Interacting with mainframes and data – Heirloom Computing

Elastic COBOL and the Elastic Transaction Platform (ETP) and Elastic Batch Platform (EBP) offer a wide variety of options when interacting with mainframe applications and their data. Elastic COBOL applications are compiled into Java source code that, when compiled into Java class and jar files, can run off the mainframe, on IBM z/OS or on IBM zLinux. Based on the deployment choices one can optimize the use of mainframe resources. This paper describes the different deployment scenarios.

IBM System z Processors

Mainframe applications and subsystems leverage different kinds of System z processors. General Purpose processors run the majority of applications and subsystems. They are charged at the regular rate when it comes to per-MIPS or per-MSU pricing of leased IBM and 3rd party software and comprises the majority of costs associated with running an enterprise IT datacenter. But, other processor configurations are possible for mainframes. Elastic COBOL applications, when compiled to Java, can run directly on zOS in the Java virtual machine environments IBM provides there -- either as a UNIX environment or a JES/JCL environment that invokes that invironment. Elastic COBOL runtime implements a concept of file "protocols" that connect to various file formats and protocols. meaning that connections are made to UNIX/Windows style files by default (and supported by the UNIX environment) or

The System z Integrated Facility for Linux (IFL) is designed to run zLinux, a variant of Linux. When subsystems such as IBM Websphere for zLinux and Elastic COBOL applications compiled to Java applications are deployed onto zLinux they leverage IFLs which are often included in many System z systems for low or no cost. Java is Java, so it runs the same on IBM Thus, migrating applications to zLinux (whether or not from zOS) can lower an installation's overall compute costs.
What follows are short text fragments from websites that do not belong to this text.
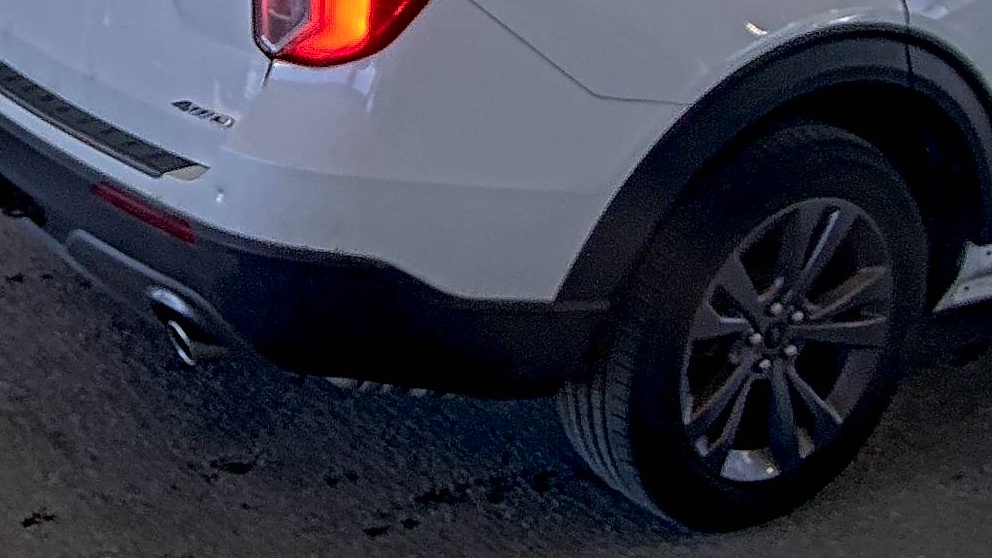 FORD EXPLORER - 10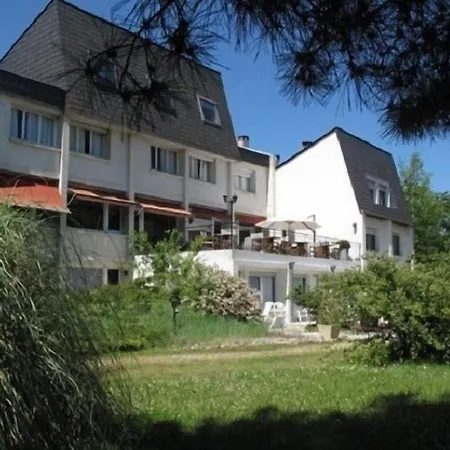 酒店 La Longue Vue 2*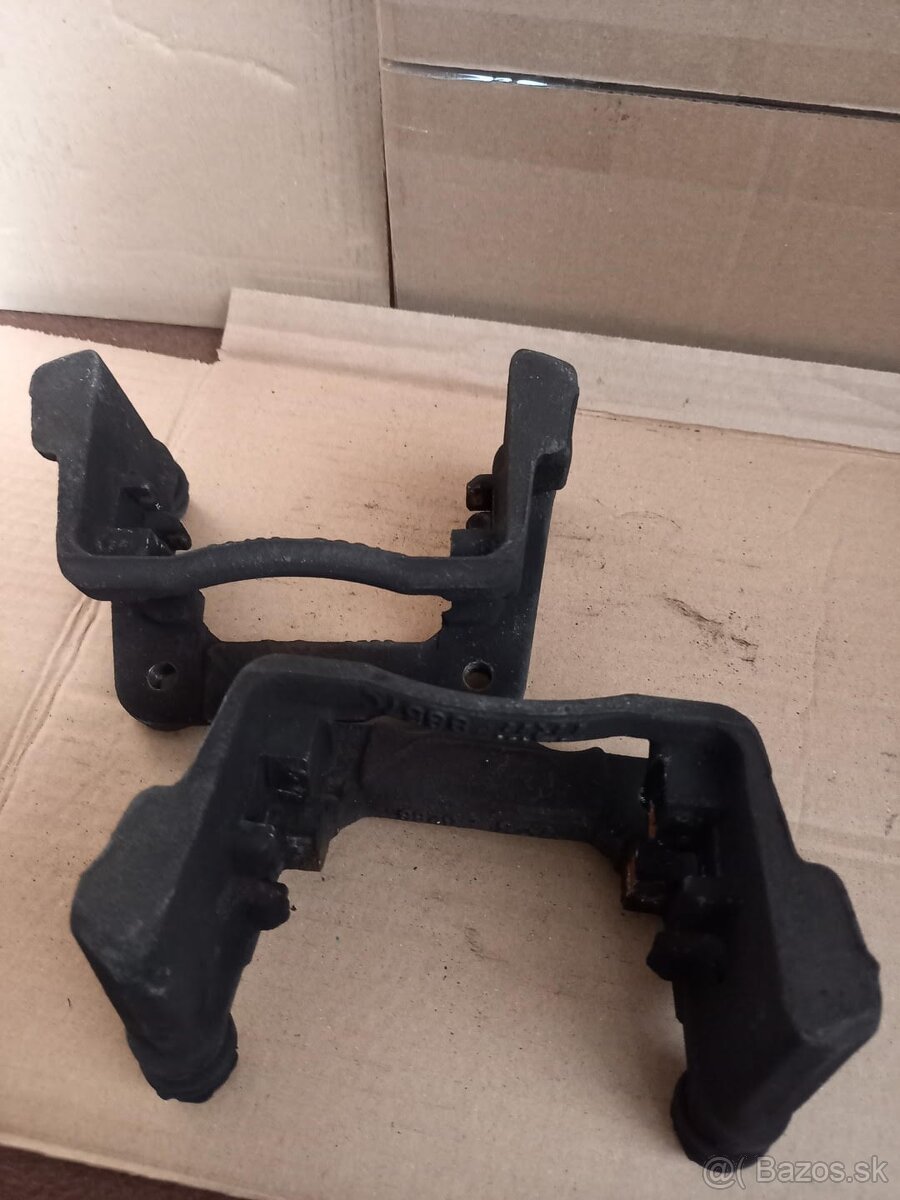 Podpera strmeňa Mazda - 12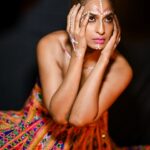 Sandhya Shetty Instagram - Bold choices is a way of Life ❤ #MYLIFEMYRULES Photographer @aslamshaikh104 Designer @kaushikshrimanker @oraios_design_studio HMU @ramaniya_by_apoorvaks @makeup.by.pratiksha Cinematographer @swapnil7898 Lights @mahajanswagat #sandhyashetty #Nofear #actor #supermodel #internationalspeaker #CommonWealthKarateChampion2015 #style #fashion #womenpower #womenleader #fitness #actorslife #bollywood #motivation #Flow #Dharavibank #coronapapers #selfdefense #selfawareness #mentalhealth #bebold #choices #freedom ❤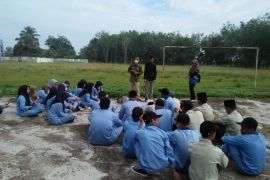 Mahasiswa Universitas Jambi ajarkan pelajar produksi biobriket dari limbah sawit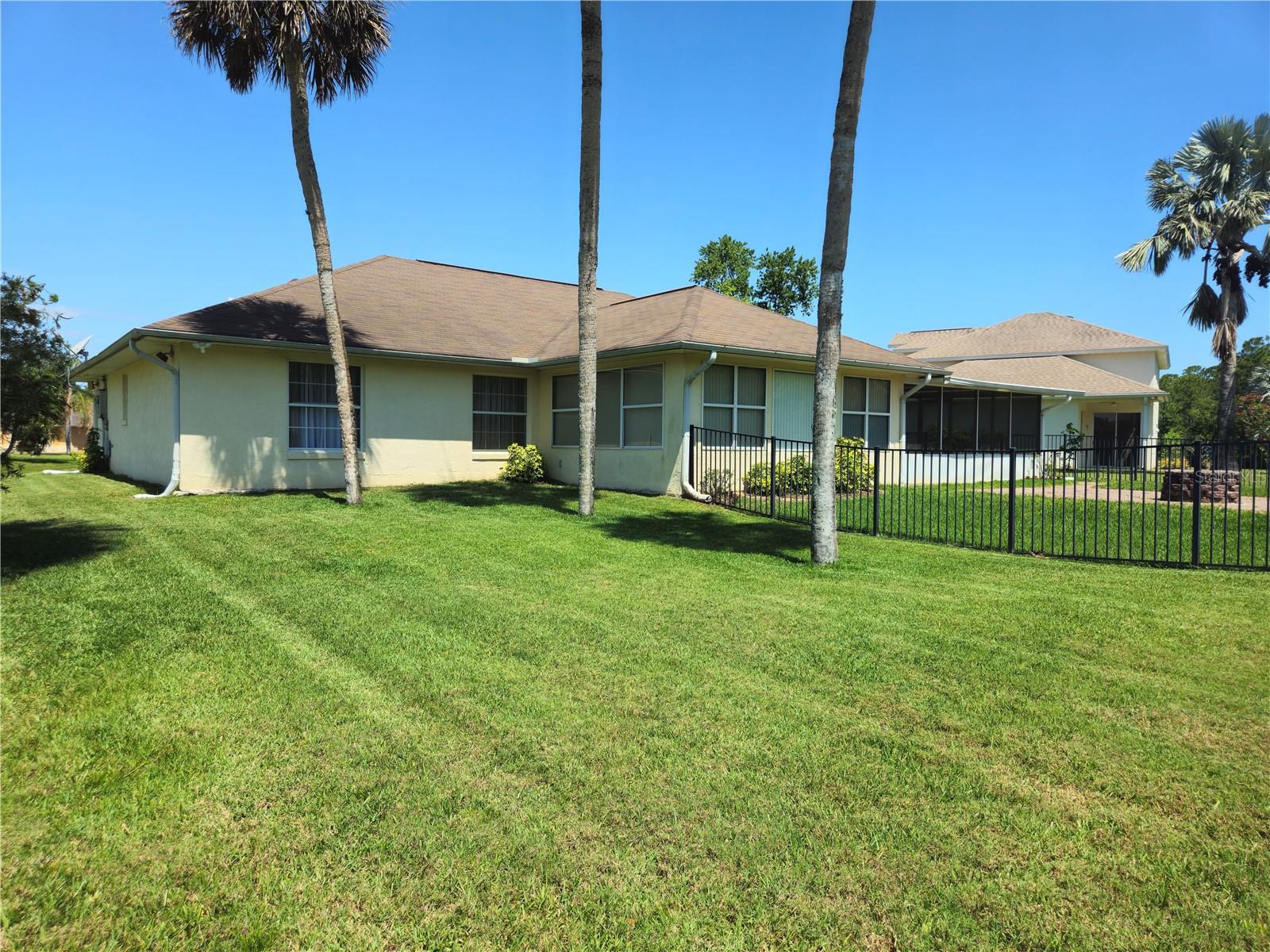 Image 3 of 22 For 6182 Knotty Pine Court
The z Integrated Information Processor (zIIP) run IBM DB2 subsystems to process database requirements. Certain workloads running on zOS can be marked as "zIIP eligible" by the zOS dispatcher and are run on these lower cost processors. Leveraging zOS as a "database machine" is done by sending transactions over a network to DB2 subsystems where zIIP processors are available. When Elastic COBOL applications containing EXEC SQL statements they use the Java database connection (JDBC) API and the JDBC drivers provided by database vendors. The IBM DB2 JDBC driver complete the connection between Elastic COBOL applications and DB2 on zOS so whether or not those applications are running on Windows, Linux, zOS or zLinux the transactions will appear to DB2 as coming in "from the outside," making them "zIIP eligible" and running at a lower cost.

The z Application Assist Processor (zAAP) is designed to improve performance and lower costs associated with running Java applications on zOS. Elastic COBOL applications compiled to Java are "100% Java" and thus eligible for dispatching to zAAP processors. Although zAAP processors are often included at low or no cost in System z installations, their use is restricted by the zOS dispatcher. Roughly only 25% to 50% of the Java workloads can be dispatched to zAAPs by this restriction but when dispatched they don't use GP processors.

Mainframe Data

Accessing mainframe data can be done in one of two ways: Converting it to "native" file formats and protocols available where the applications are running or connecting "directly" to the zOS datasets. Both have performance and cost implications. Data migration is the most cost effective if the ultimate goal is application migration to a new environment. See figure 1.

Fig. 1. Data migration from zOS to Linux

Data whether in VSAM KSDS, physical sequential in fixed or variable format with or without block (or other formats) can be "dumped" to binary (EBCDIC) data and transferred to the target platform. Elastic COBOL applications can access directly this EBCDIC data and handle the Record Descriptor Words and Block Descriptor Words that specify record and block boundaries in physical sequential files. EC file protocol "IBM:" is used to deblock and EC runtime "BE" byte encoding indicates that the internal data type is EBCDIC. When programs "display" data to the outside world they are converted from EBCDIC to Unicode, which is the character set encoding used by Java. This is also set with EC compile-time flag to set datatype to IBM ("-dt:ibm"). Default setting is EC ("-dt:ec)" which stores data internally as 8-bit ASCII, the Linux/Windows native format.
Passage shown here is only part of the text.